USA: Activists warn that Nestle/Cargill lawsuit risks creating 'safe haven' for corporate abuse
"US could become ‘safe haven’ for corporate abusers, activists warn," 5 August 2020
US corporations could be able to commit human rights violations overseas with almost no legal sanction, effectively turning the US into a “safe haven” for corporate abusers…The possible change arises from a legal challenge by multinational firms Nestlé and Cargill to…a lawsuit lodged under the disputed Alien Tort Statute to be brought against them for “aiding and abetting” forced labour in Ivory Coast’s cocoa industry.
The companies argue that the law in question, which dates back to 1789, only applies to individuals and cannot be used to indict corporate entities…Should the US Supreme Court reinterpret the law in the companies’ favour, victims would need to prove the culpability of individual decision-makers within the accused corporations to bring a case.
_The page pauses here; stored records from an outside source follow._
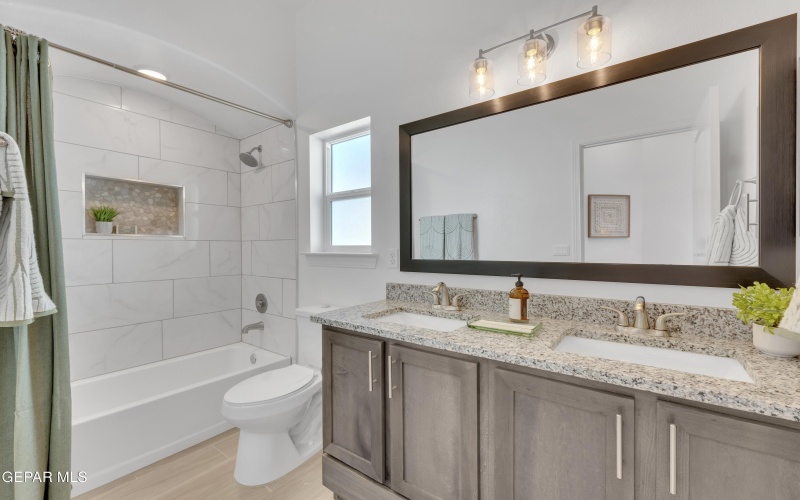 130 Dawson Street, Sunland Park, NM 88063, 4 Bedrooms Bedrooms, ,2 BathroomsBathrooms,Residential,For Sale,130 Dawson Street,905329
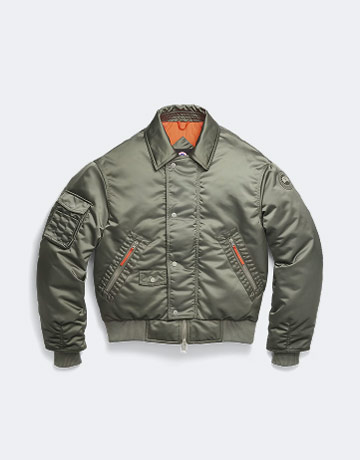 Product IMG
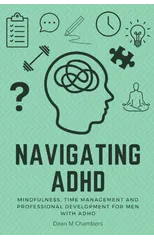 Navigating ADHD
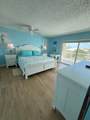 117 Lisbon Court - Photo 22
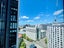 2012/8 Airedale street, City centre, Auckland - Carousel 13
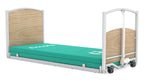 Accora FloorBed 1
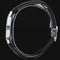 Cartier Ronde Solo - Montre en acier 58 Facettes MT47195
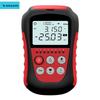Ruijoy RYL-5010 Высокоточный мини-измеритель оптической мощности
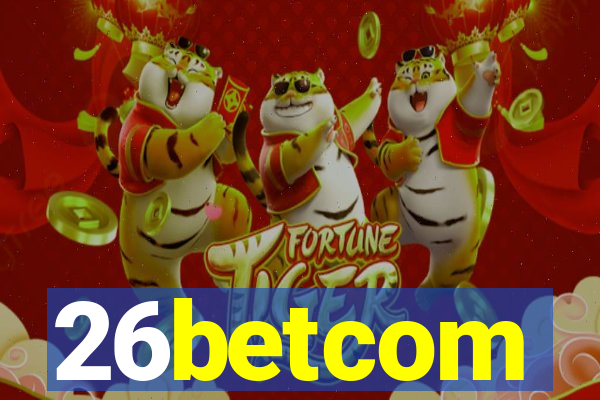 26betcom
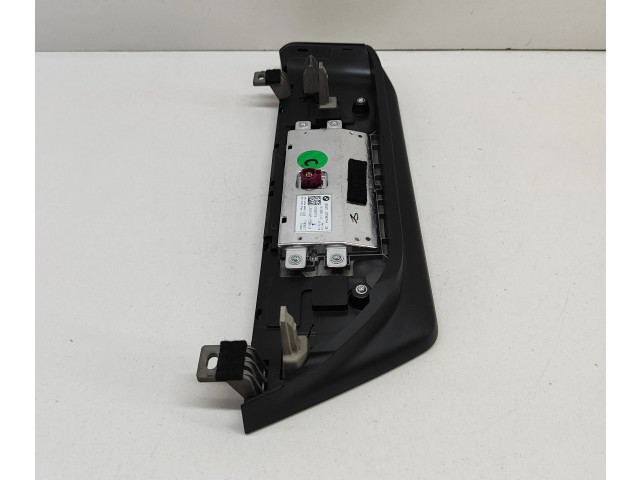 Дисплей    8798744   BMW 3 G20 G21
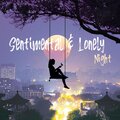 Jazz Night Music Paradise - Moody Ambiance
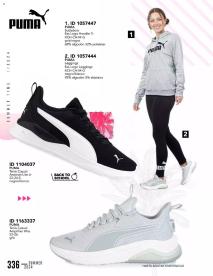 Catálogos virtuales Price Shoes 16/08/2024 Price Shoes catálogo Summer 2024 página 336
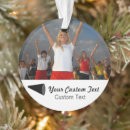 Search for stocking stuffer christmas tree decorations Sports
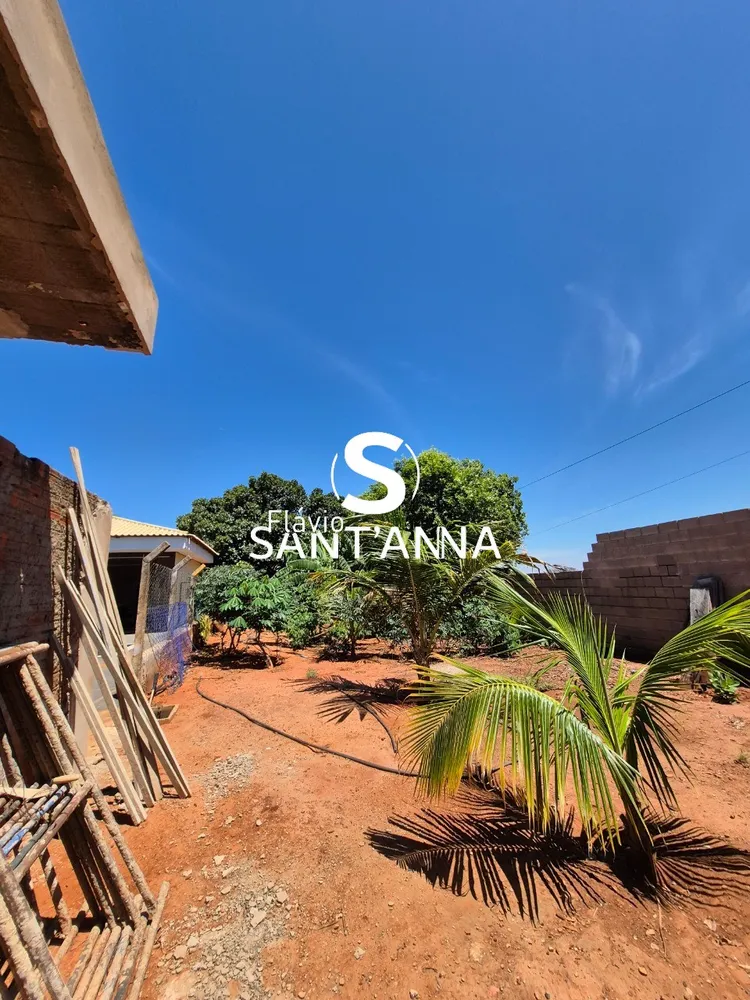 Chácara, 4 quartos - Foto 10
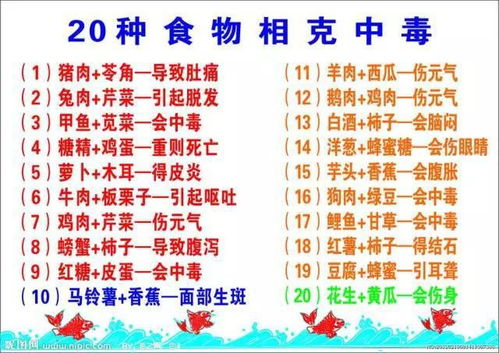 三、 择日仪式与心理状态调适策略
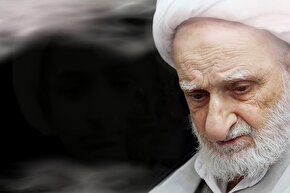 پادکست | فضیلت بکاء بر سیدالشهدا(ع)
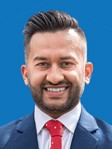 Law Firm Profile Picture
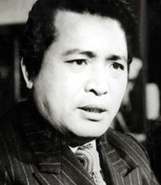 청룡/대종/백상 3대 영화상의 주연상을 석권한 배우들 | 인스티즈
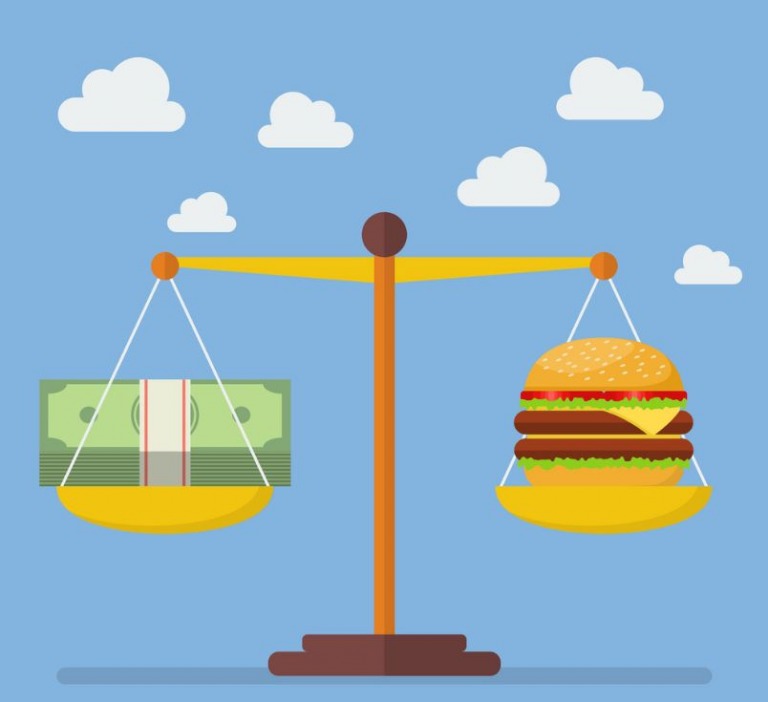 suc-mua-cua-dong-tien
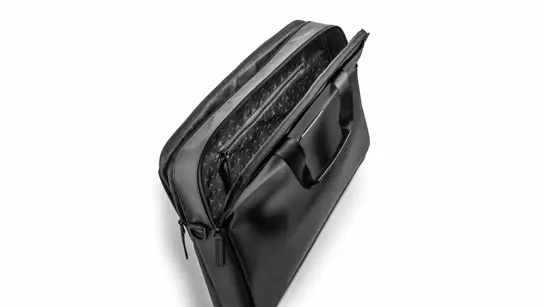 Laptoptasche 02 2280X1283 Laptoptasche 02 2280X1283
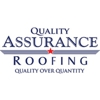 Quality Assurance Roofing gallery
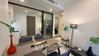 listing thumbnail image 9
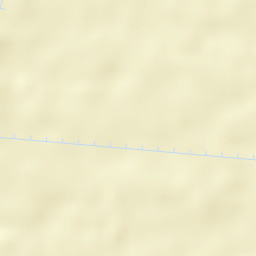 Comuna Măxineni Street Map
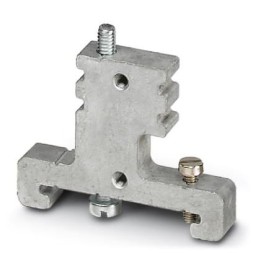 Концевой стопор E/UKT-NS 32/35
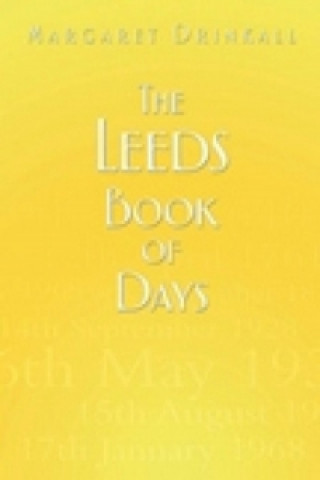 Leeds Book of Days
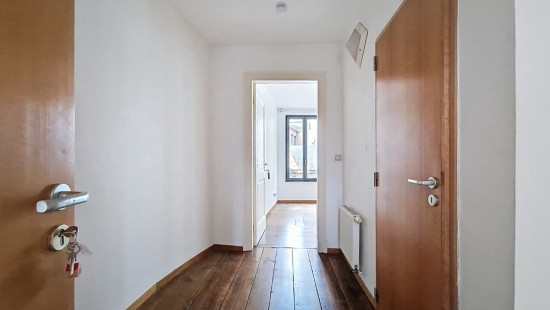 Rue du Pont - 4 - 2 - 4500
[A decision in the companies’ favour] would incentivise companies to become “lazier” about monitoring their supply chains and “potentially more abusive” in their operations [said Charity Ryerson, Executive Director of Corporate Accountability Lab]. The exception would be human trafficking, for which corporations can still be held liable under the US Trafficking Victims Protection Act.
…In a statement, Cargill said the company does not tolerate human trafficking, forced or child labour in its operations or supply chain. “We take steps to understand potential problems, while continuing to work actively to protect human rights, with a firm commitment to protecting the rights of the child worldwide”…A Nestlé spokesperson maintained that child labour in foreign countries is a “complex, global social problem”. It said the company now has “explicit policies against it”, including a monitoring and remediation system designed to engage with households where children are at risk and provide remediation measures.